* Work to be completed
Only lines containing "this" belong in the answer, each copied from the entries below.

+++ Input material

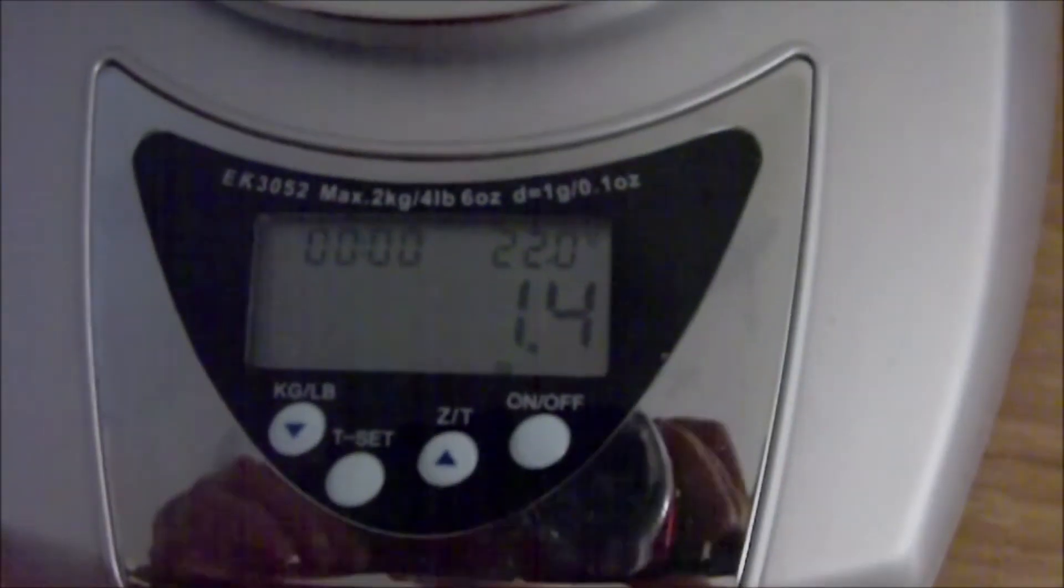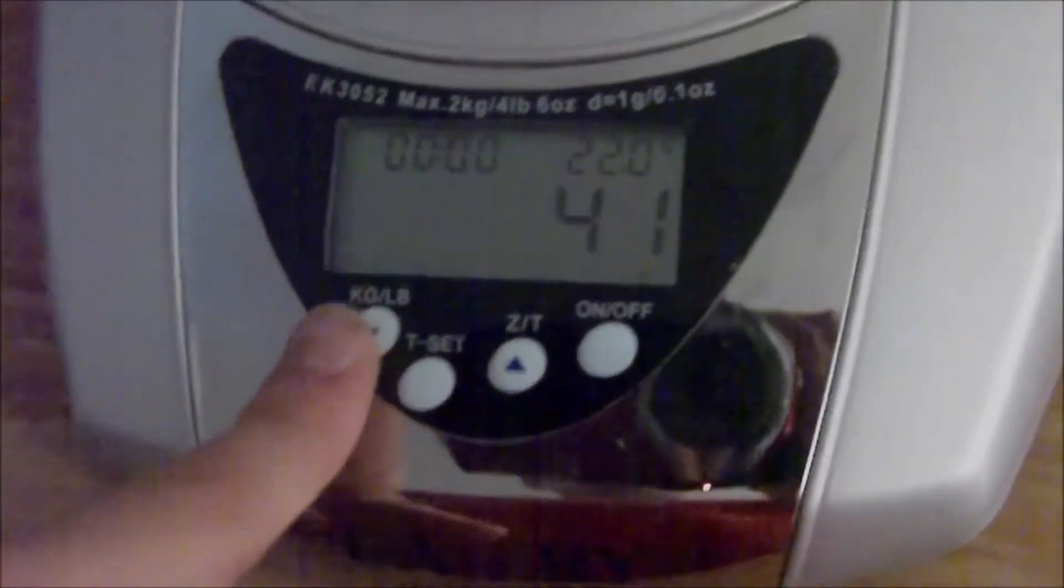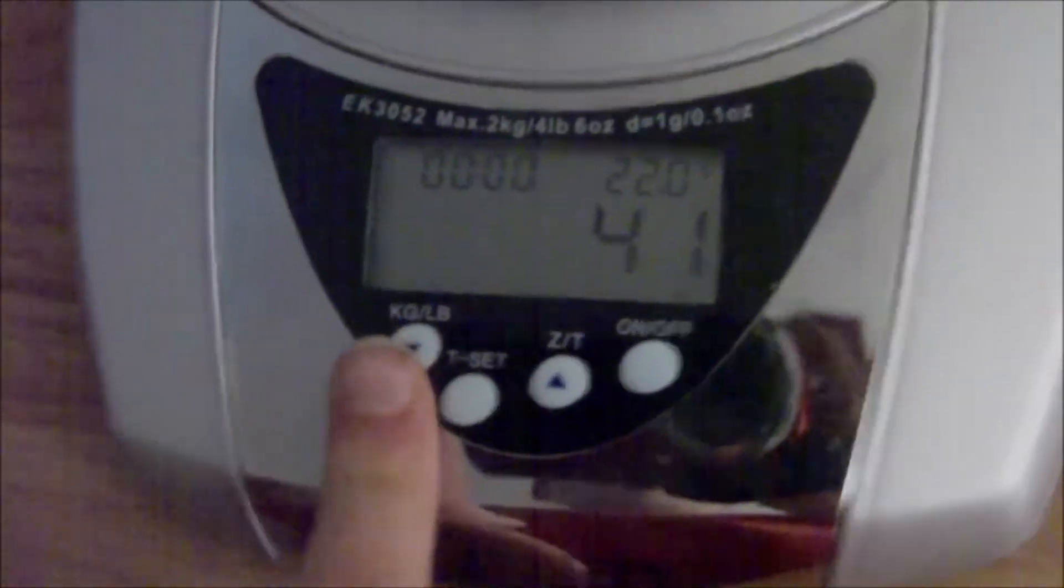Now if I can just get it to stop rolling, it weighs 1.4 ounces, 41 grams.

++++++
+++ Input material

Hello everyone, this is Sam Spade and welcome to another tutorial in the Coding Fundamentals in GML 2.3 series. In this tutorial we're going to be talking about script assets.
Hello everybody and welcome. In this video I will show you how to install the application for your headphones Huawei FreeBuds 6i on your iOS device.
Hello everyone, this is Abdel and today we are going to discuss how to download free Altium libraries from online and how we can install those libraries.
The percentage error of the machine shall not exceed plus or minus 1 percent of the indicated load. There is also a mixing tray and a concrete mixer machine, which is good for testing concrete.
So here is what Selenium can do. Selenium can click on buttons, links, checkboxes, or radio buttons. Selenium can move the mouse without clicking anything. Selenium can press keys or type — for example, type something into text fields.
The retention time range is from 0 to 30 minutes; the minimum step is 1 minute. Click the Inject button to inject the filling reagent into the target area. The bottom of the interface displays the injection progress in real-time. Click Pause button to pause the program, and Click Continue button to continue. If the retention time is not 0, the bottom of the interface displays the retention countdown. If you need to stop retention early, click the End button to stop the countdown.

++++++

* Answer space
Hello everyone, this is Sam Spade and welcome to another tutorial in the Coding Fundamentals in GML 2.3 series. In this tutorial we're going to be talking about script assets.
Hello everybody and welcome. In this video I will show you how to install the application for your headphones Huawei FreeBuds 6i on your iOS device.
Hello everyone, this is Abdel and today we are going to discuss how to download free Altium libraries from online and how we can install those libraries.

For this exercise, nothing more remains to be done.